Though still too early to determine how successful ACA will be in achieving all of its goals, a study of a pre-ACA limited expansion of Medicaid coverage in Oregon, published in Science on January 2, 2014 (http://www.sciencemag.org/ content/early/2014/01/02/science. 1246183) found that a study group among the approximately 30,000 low-income people randomly selected by lottery to receive Medicaid in Oregon in 2008 made 40% more ED visits during the first 18 months, compared to a similar group among the 60,000 who entered the lottery but remained uninsured. As the New York Times noted, “the pattern was so strong it held true across most demographic groups, times of day and types of visits, including those for conditions that were treatable in primary care settings” (http://www.nytimes.com /2014/01/03/health/access-to-healthcare- may-increase-er-visits-studysuggests. html?_r=0).

Should EPs celebrate this latest affirmation of the strength and continuing growth of emergency medicine as a health care provider of choice? Yes, and no.

Every new health care plan since managed care was first aggressively promoted in the 1980s, has failed in its promise to decrease ED visits; compounding these miscalculations, none of the plans included adequate provisions to pay for the increased ED visits they failed to predict.
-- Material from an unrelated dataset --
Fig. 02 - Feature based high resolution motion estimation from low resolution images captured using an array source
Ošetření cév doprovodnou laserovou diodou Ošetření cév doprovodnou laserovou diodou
If ACA does result in long-term increases in ED visits, neither the current economic model for delivering emergency care nor the financial viability of EDs may be sustainable. Further exacerbations of ED overcrowding by Medicaid and/or inadequately insured patients may incentivize patients with the best insurance to seek alternative forms of care initially, though many will subsequently be referred to EDs, nevertheless. It is almost certainly no coincidence that urgent care centers are suddenly springing up in the best neighborhoods of many cities; freed of federal requirements of EDs to screen and stabilize all, regardless of their ability to pay, urgent care centers can be selective in who they treat.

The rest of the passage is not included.